In the listing below, find the line with "Here you can select" and copy every line from there up to and including the line with "We have $541", exactly and without pictures.
++++ Data in this exercise ++++
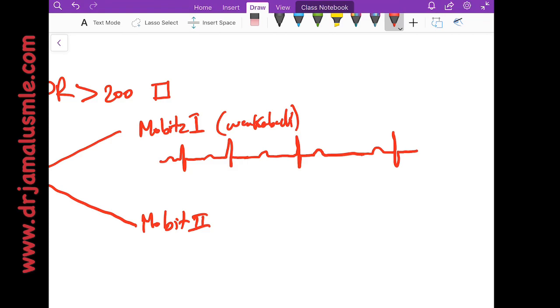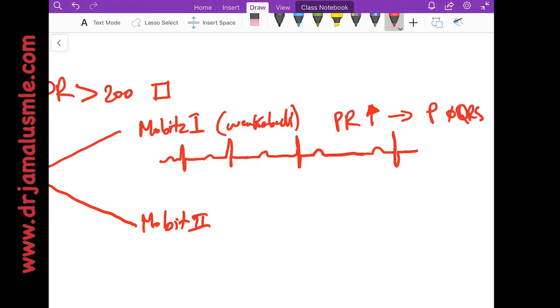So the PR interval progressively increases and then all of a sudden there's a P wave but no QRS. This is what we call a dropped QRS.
++++
++++ Data in this exercise ++++
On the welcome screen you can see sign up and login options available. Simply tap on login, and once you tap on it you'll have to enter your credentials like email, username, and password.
++++
++++ Data in this exercise ++++
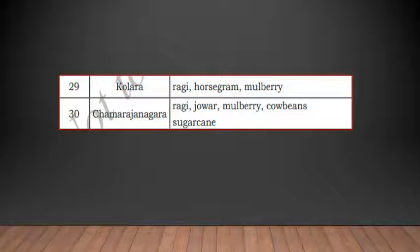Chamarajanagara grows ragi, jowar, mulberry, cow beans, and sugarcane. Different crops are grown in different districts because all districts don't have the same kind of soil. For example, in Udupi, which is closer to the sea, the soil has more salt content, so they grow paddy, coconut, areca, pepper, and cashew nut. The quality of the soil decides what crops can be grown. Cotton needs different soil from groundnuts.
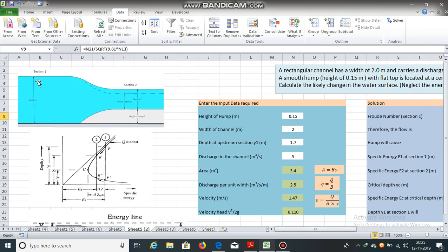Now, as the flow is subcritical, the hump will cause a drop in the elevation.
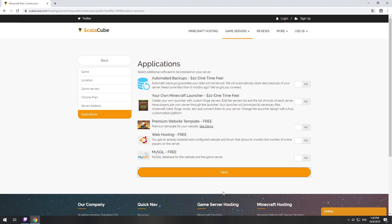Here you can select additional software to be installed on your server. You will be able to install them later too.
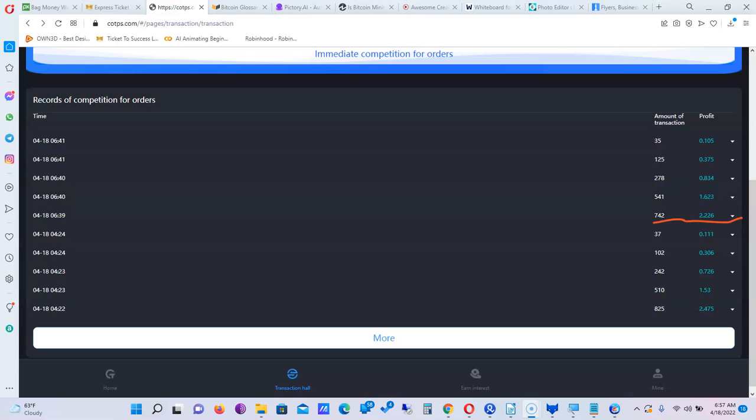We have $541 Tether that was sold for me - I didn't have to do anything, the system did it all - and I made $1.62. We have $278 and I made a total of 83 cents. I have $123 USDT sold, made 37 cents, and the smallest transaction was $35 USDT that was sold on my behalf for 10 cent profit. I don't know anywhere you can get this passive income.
++++
● **Result for this task**
Here you can select additional software to be installed on your server. You will be able to install them later too.
We have $541 Tether that was sold for me - I didn't have to do anything, the system did it all - and I made $1.62. We have $278 and I made a total of 83 cents. I have $123 USDT sold, made 37 cents, and the smallest transaction was $35 USDT that was sold on my behalf for 10 cent profit. I don't know anywhere you can get this passive income.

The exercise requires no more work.